A full example would be:

$ cis col rain:"my_data_??.*" my_sample_file:collocator=box[h_sep=50km,t_sep=6000S],kernel=nn_t -o my_col

Warning

When collocating two data sets with different spatio-temporal domains, the sampling points should be within the spatio-temporal domain of the source data. Otherwise, depending on the collocation options selected, strange artifacts can occur, particularly with linear interpolation.
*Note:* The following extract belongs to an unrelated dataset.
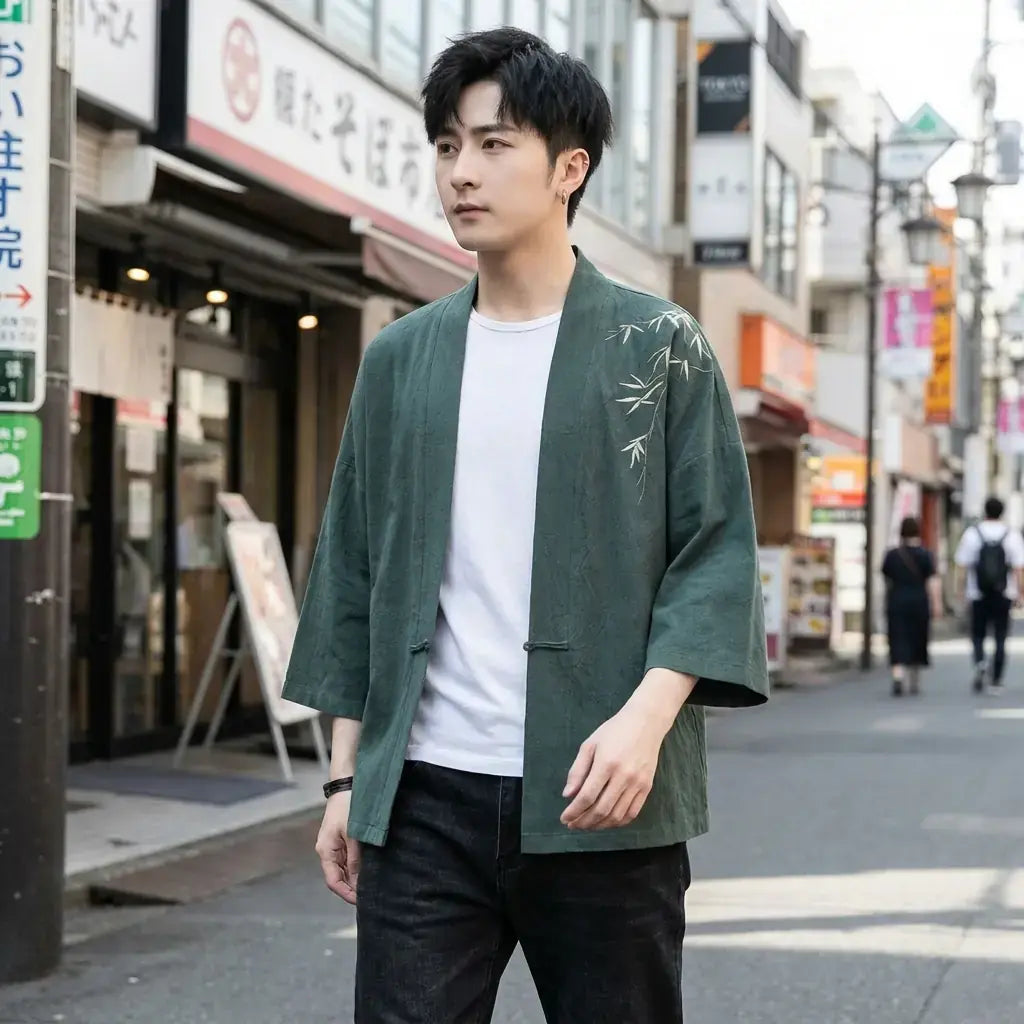 Chaqueta Kimono Haori llevado por un hombre en una habitación japonesa tradicional, vista frontal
Spatio-temporal domains can be reduced in CIS with Aggregation or Subsetting.

8.1. Available Collocators and Kernels

Collocation type      
( data -> sample) Available Collocators Default Collocator Default Kernel
Gridded -> gridded lin, nn, box lin None
Ungridded -> gridded bin, box bin moments
Gridded -> ungridded nn, lin nn None
Ungridded -> ungridded box box moments

8.2. Collocation output files

All ungridded collocation output files are prefixed with cis- and both ungridded and gridded data files are suffixed with .nc (so there is no need to specify the extension in the output parameter). This is to ensure the cis data product is always used to read collocated ungridded data.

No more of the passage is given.